The Memory Palace
- eve8706
- 1 juil. 2019
- 2 min de lecture
"And I come to the fields and spacious palaces of my memory, where are the treasures of innumerable images, brought into it from things of all sorts perceived by the senses."
St Augustin, Confessions
"Please do not move. Take the time to imagine the movement with as many details as possible."
I can't count how many times I have heard this indication during Feldenkrais ATM classes.
I often imagine a microscopic pair of scissors running through my nervous system, thinning out the jungle of neuronal connections. They clear the path, as an internal preliminary work to create the mental representation for a more efficient and economic action.
Thinking about exercise strengthens your muscles, even if you don't move an inch. Mental imagery not only activates the same brain regions as the actual movement but also can speed up the learning of a new skill.
Mental imagery, mental practice, or visualisation is a technique that has been used by sports psychologists for years to improve athletic performance on the playing field. Many successful Olympic athletes, basketball players, golfers, tennis players and other sports people credit the technique for their competitive edge, mental awareness, well-being and confidence
Professional musicians commonly rehearse difficult parts of a musical passage by performing the piece of music in their mind. The mental rehearsal activates the same motor, somatosensory, auditory, and emotional circuits as playing the actual instrument.
Surprisingly, visualisation can even strengthen muscles. The visualising brain sends electrical signals to the muscles, which makes them stronger, even if you’re not moving.
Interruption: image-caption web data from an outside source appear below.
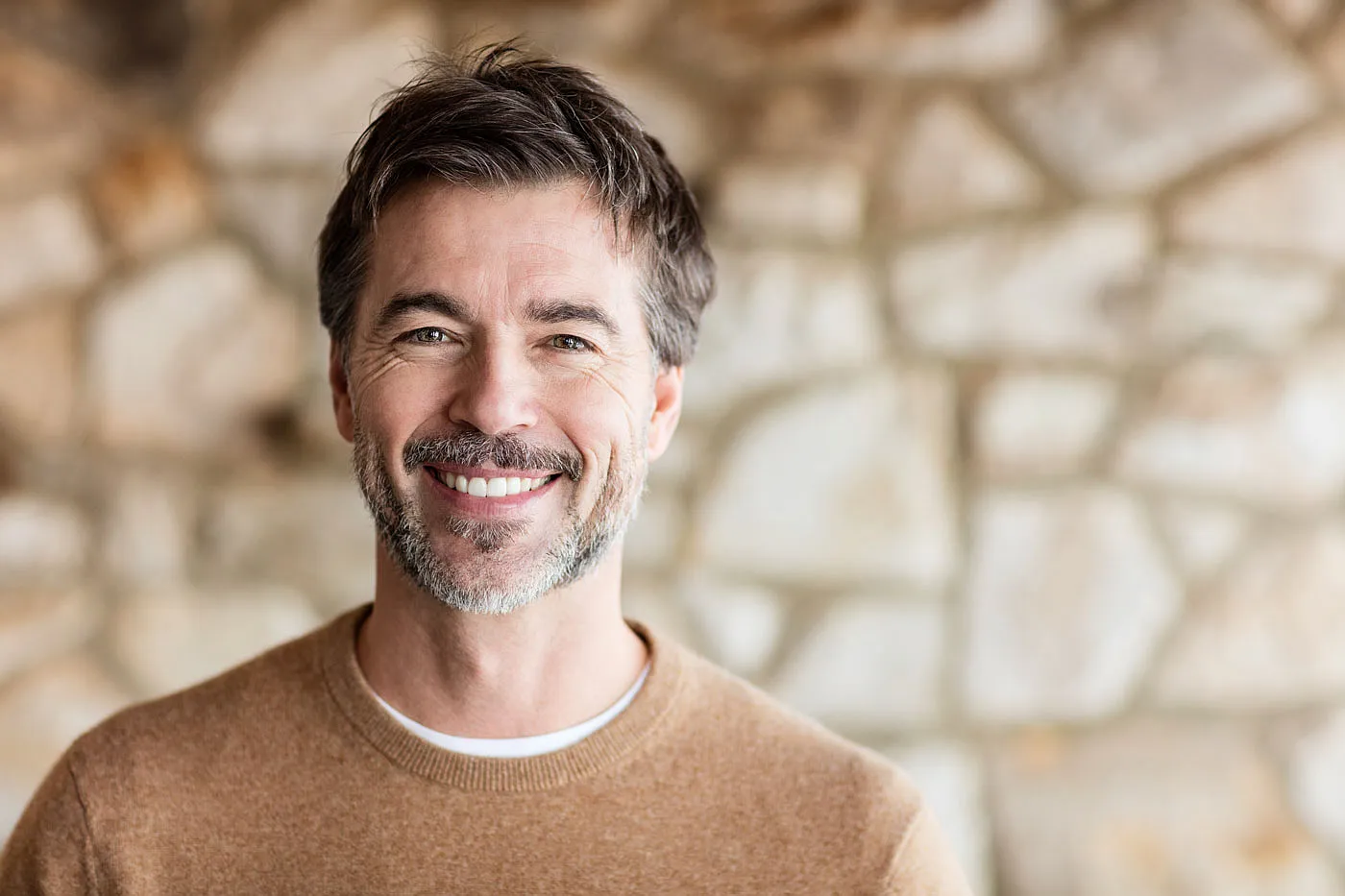 Smiling middle-aged man in front of a stone wall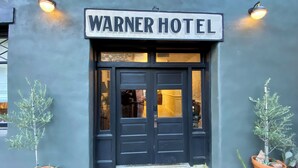 Het uiterlijk van Hotel Warner, met een donkere gevel, een bord boven de ingang en twee potplanten aan weerszijden.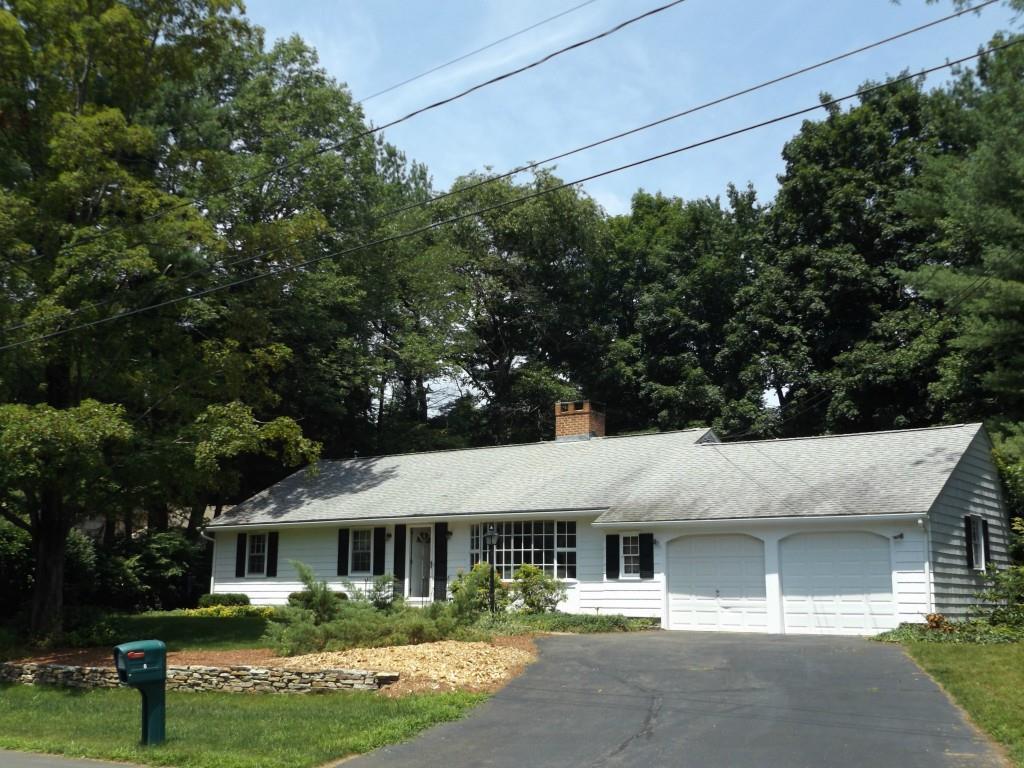 6 Richard Road Simsbury, CT 06070 - Photo 1 of 1 a front view of a residential apartment building with a yard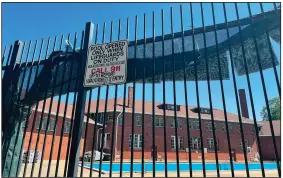  ?? (AP/Claire Savage) ?? The empty pool at the Hamlin Park Pool remains closed to swimmers June 16 in Chicago. Chicago’s public pools will remain closed until July 5, according to park superinten­dent and CEO Rosa Escareno.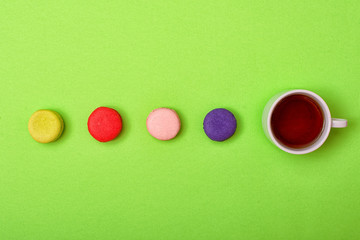 Colorful sweet macaroons and a cup of tea. Delicious breakfast. Top view.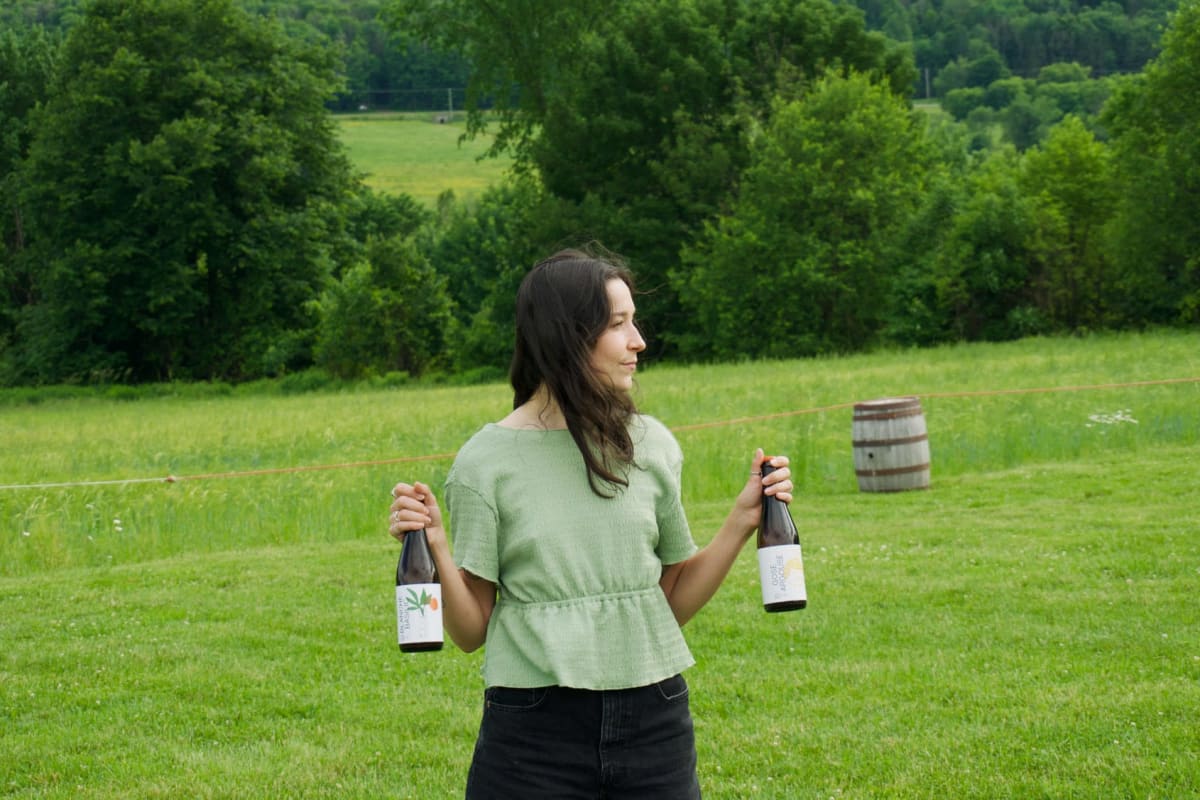 Femme dans un champ qui tient deux bouteilles de vin.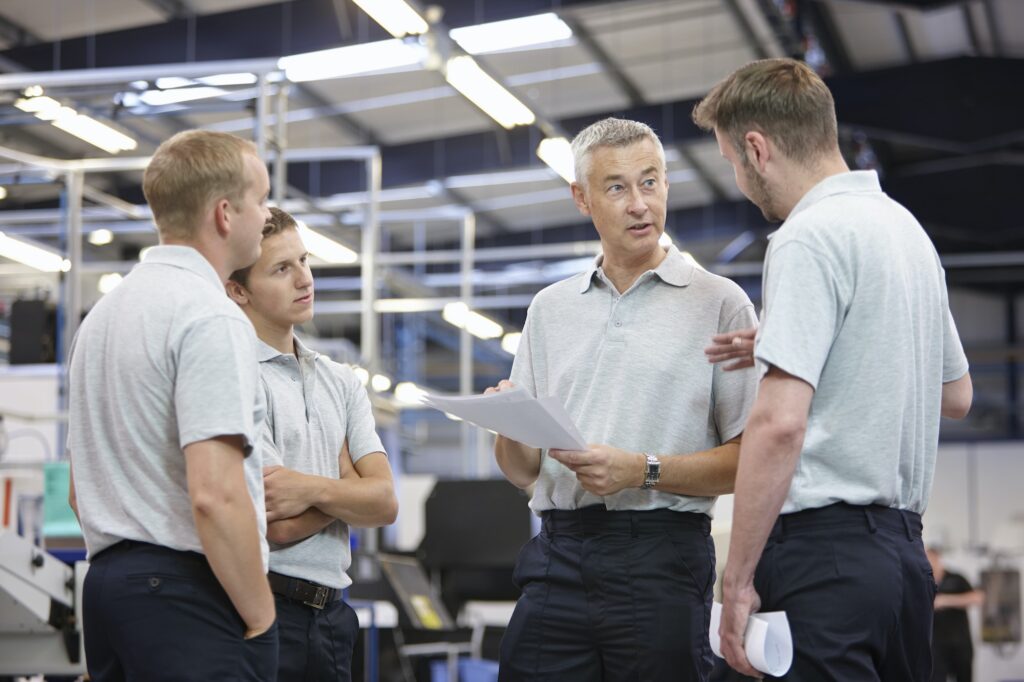 Workers meeting in engineering factory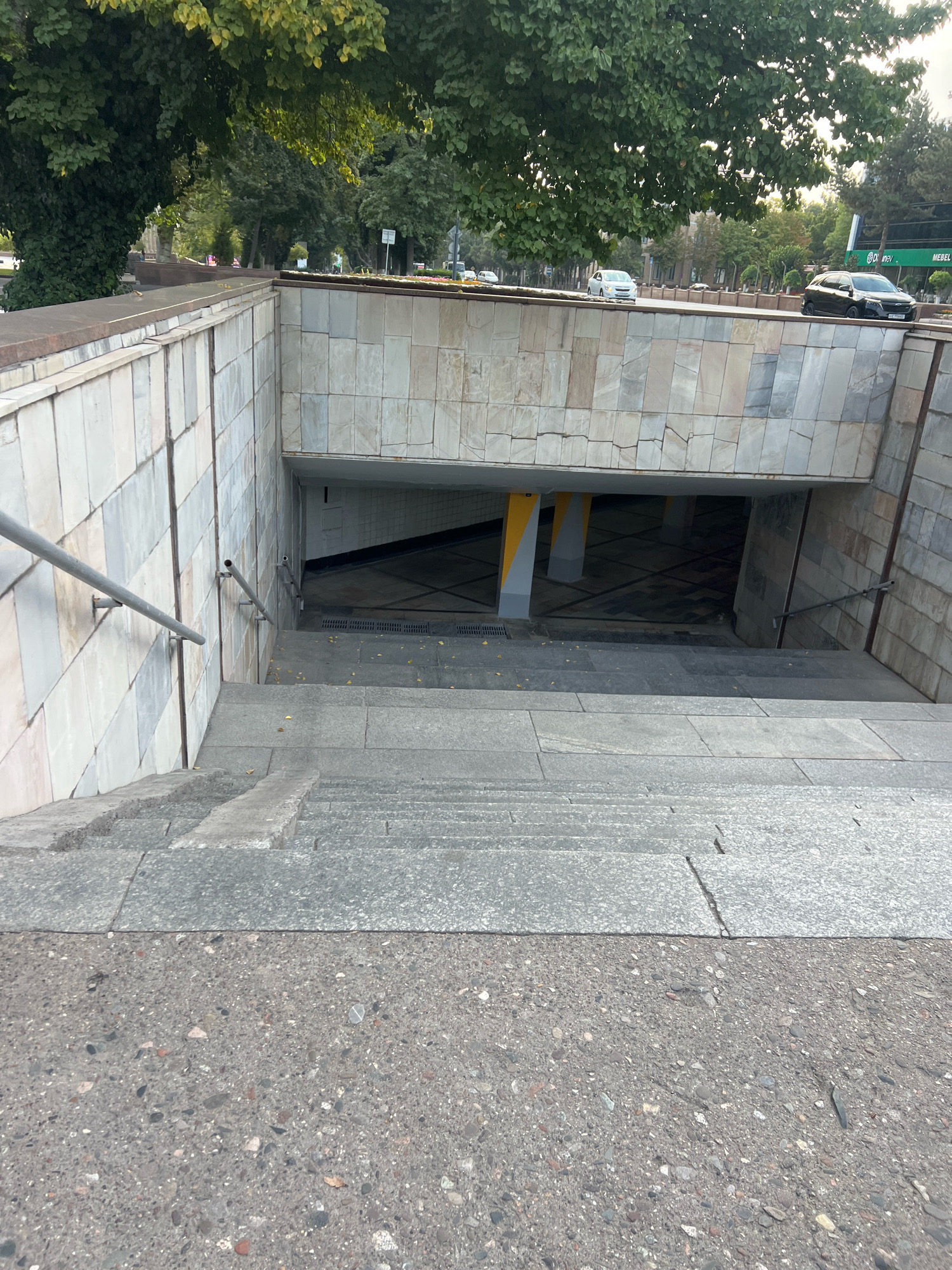 The image shows a view looking down a wide set of outdoor stairs leading to an underground walkway. The stairs are made of a grey, speckled material, possibly granite or concrete. The walls of the staircase and the surrounding area are clad in light-colored, rectangular stone tiles. A metal handrail runs along the left side of the stairs. The entrance to the underground walkway is visible at the bottom of the stairs, with patterned flooring and yellow and grey pillars. Above the underground entrance, a street is visible with trees lining the sidewalk and cars driving on the road. A double-decker bus with green signage is also visible on the street. The overall scene appears to be an urban environment.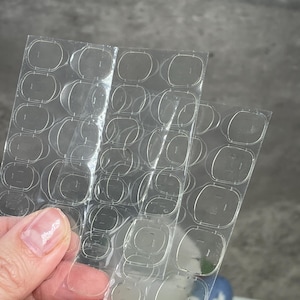 May include: A sheet of clear adhesive tabs for attaching false nails. The tabs are arranged in a grid pattern on a clear plastic sheet.
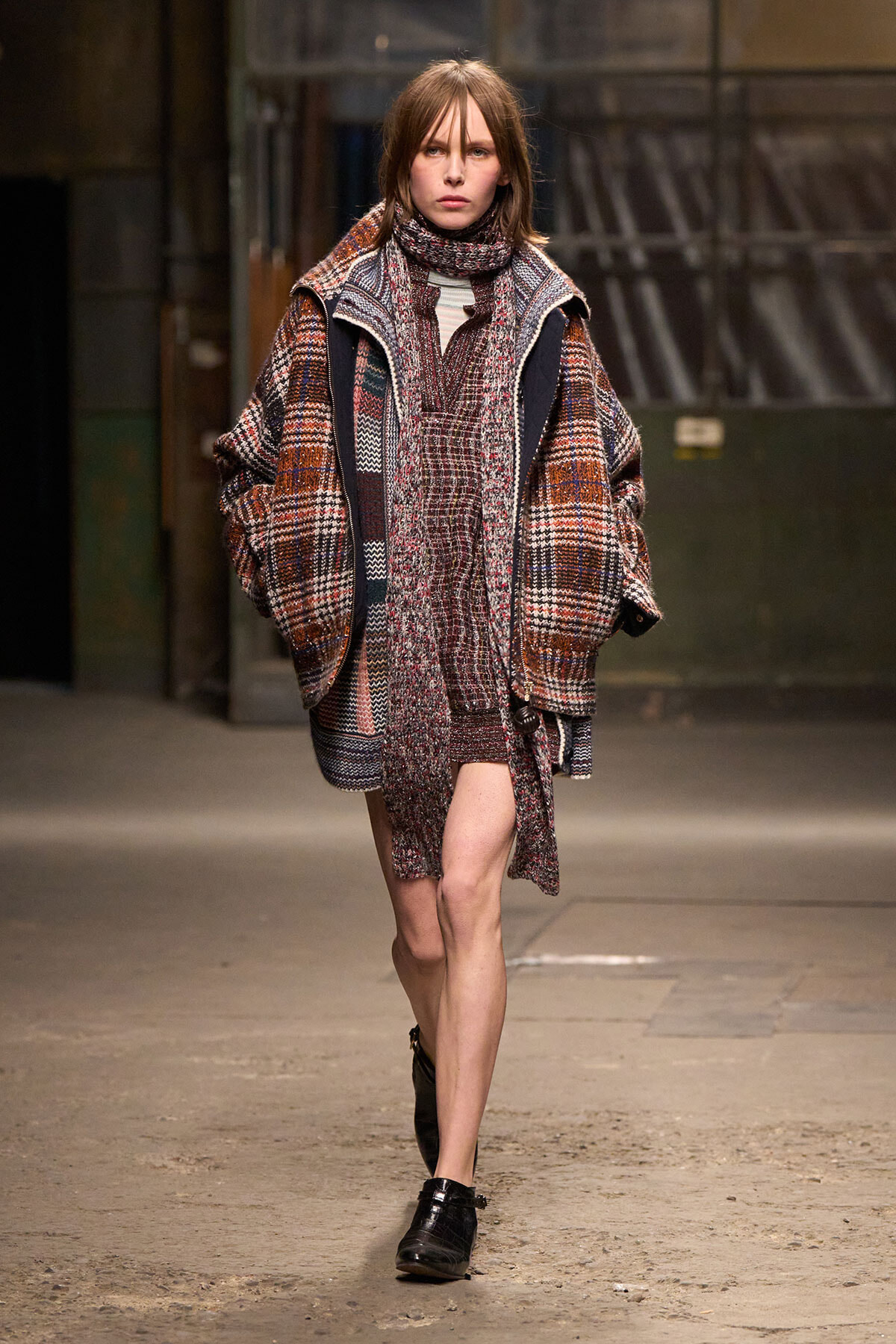 Model on a runway wearing a chunky plaid coat with a matching knit scarf and layered textures in earthy reds and browns.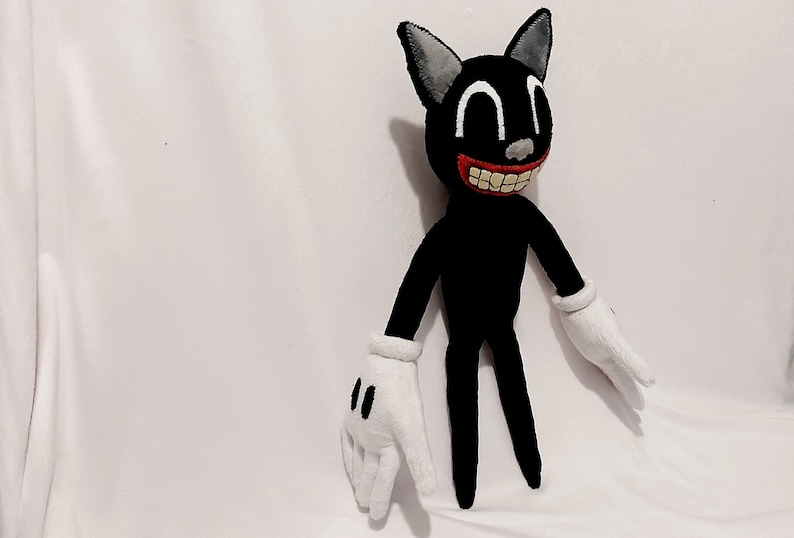 May include: A black cartoon cat plush toy with a wide, toothy grin. The toy has white gloves and large, white eyes. The toy is standing on a white surface.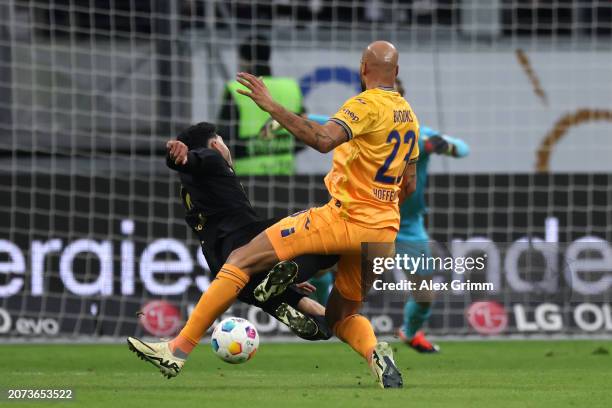 John Brooks of TSG 1899 Hoffenheim fouls Omar Marmoush of Eintracht Frankfurt which results in a red card during the Bundesliga match between...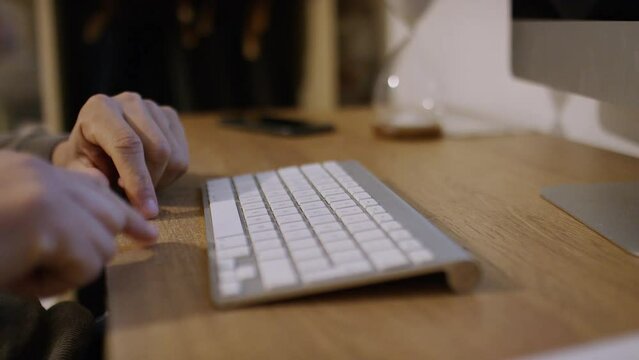 Hands of a male wondering what to type before starting to type with two fingers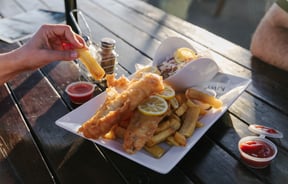 Close up of someone grabbing a chip off a plate.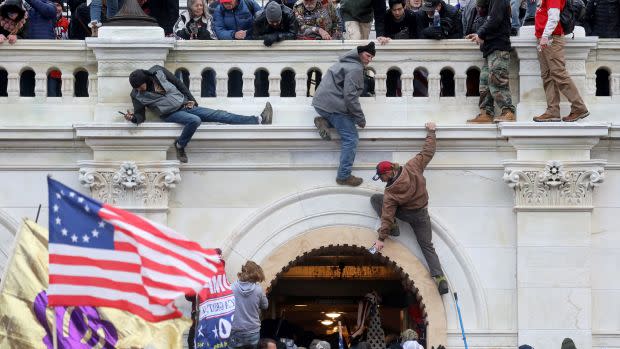 Trump supporters scale the walls of the US capitol building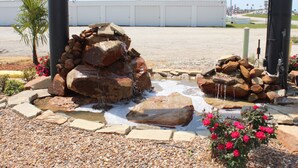 A landscaped area with a rock waterfall, pebbles, and flowers. - Sanger Inn (Sanger)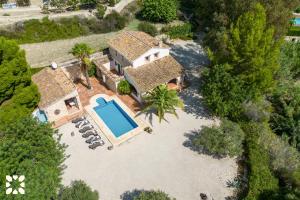 an aerial view of a house with a swimming pool at Villa Fantaxat by Abahana Villas in Benissa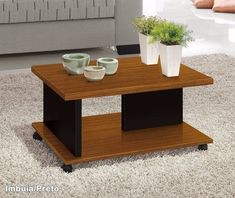 a coffee table with two planters on it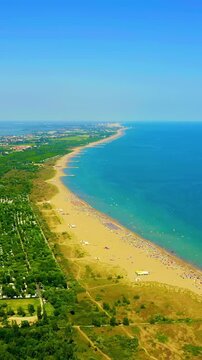Vertical video. Venice, Italy. Punta Sabbioni beach, aerial drone view over golden sand dunes and dense pine forest meeting the turquoise Adriatic Sea under clear summer sky. Drone footage. Rich colo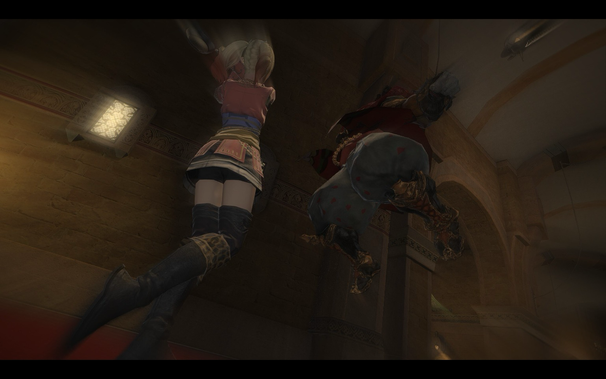 From a low angle, a woman leaps upwards, seemingly assisted by a character hanging from the ceiling. The woman, facing away, has bright hair and wears a short skirt with dark leggings. The hanging figure is partially obscured, wearing red and grey clothing with red heart patterns. A vintage-style building interior is visible in the background, dimly lit with architectural details and wall fixtures.
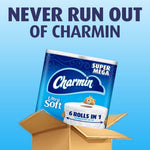Promotional graphic of a Charmin Ultra Soft Super Mega pack emerging from a box with headline 'Never run out of Charmin'.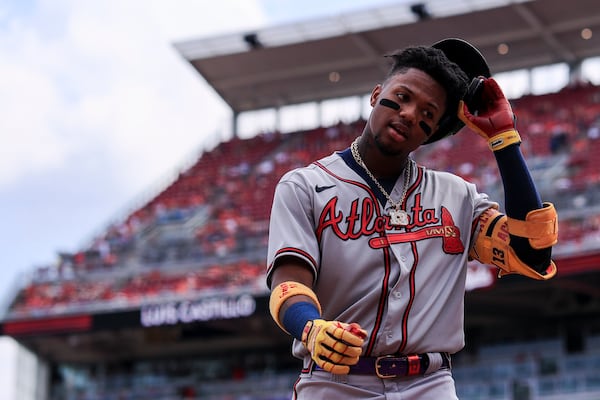 Atlanta Braves' Ronald Acuna Jr. walks to the dugout during a baseball game against the Cincinnati Reds in Cincinnati, Saturday, June 26, 2021. The Reds won 4-1. (AP Photo/Aaron Doster)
Inspired by the writings of Saint Augustin, I pay a visit to the inner maze of my "Memory Palace", where kinaesthetic experience resonate, as a limitless phantom choreography.
"In the memory, all the various things are kept distinct and in their right categories, though each came into the memory by its own gate. By the eyes: light and all the colours and shapes of bodies; by the ears: all the kinds of sound; by the nose: all scents; by the mouth: all tastes. And by a sense that belongs to the whole body: what is hard and what is soft, what is hot or cold, rough or smooth, heavy or light, whether outside the body or inside. All these things, the vast recesses, the hidden and unsearchable caverns of memory receive and store up, to be available and brought to light when need arises."